The administrators of a Utah college savings plan have settled with the Securities and Exchange Commission for issuing false and misleading information, though the fund's former director will be charged with misappropriating funds.
According to charges filed by federal investigators Thursday, the former director of the Utah Educational Savings Plan Trust, Dale Hatch, transferred more than $500,000 of investors' funds into his own plan accounts and then transferred $85,000 to his personal bank accounts.
The SEC has said that Hatch was able to carry out the fraud due to weak internal accounting controls that failed to allocate gains and losses to investor accounts.
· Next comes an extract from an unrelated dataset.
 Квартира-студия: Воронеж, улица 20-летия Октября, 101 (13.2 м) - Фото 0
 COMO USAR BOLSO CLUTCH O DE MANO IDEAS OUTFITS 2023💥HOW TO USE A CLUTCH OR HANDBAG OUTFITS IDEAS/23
The full extent of Hatch's actions were revealed as the SEC investigated complaints that the Utah trust made false claims in a 2004 press release that no investor funds were misappropriated nor had any investors been harmed by Hatch's actions.
The trust administers Utah's 529 plan, an investment vehicle that allows people to save for educational expenses without paying certain taxes, and agreed to "undertake specific measure to correct the defects," according to an SEC statement. The charges were the SEC's first against a 529 plan, and the SEC also issued a guide that explains the basic information investors should know before they start saving for college. The guide, available at www.sec.gov/investor/pubs/intro529.htm, discusses different types of college savings plans, including their disclosures, tax implications, and fees and expenses.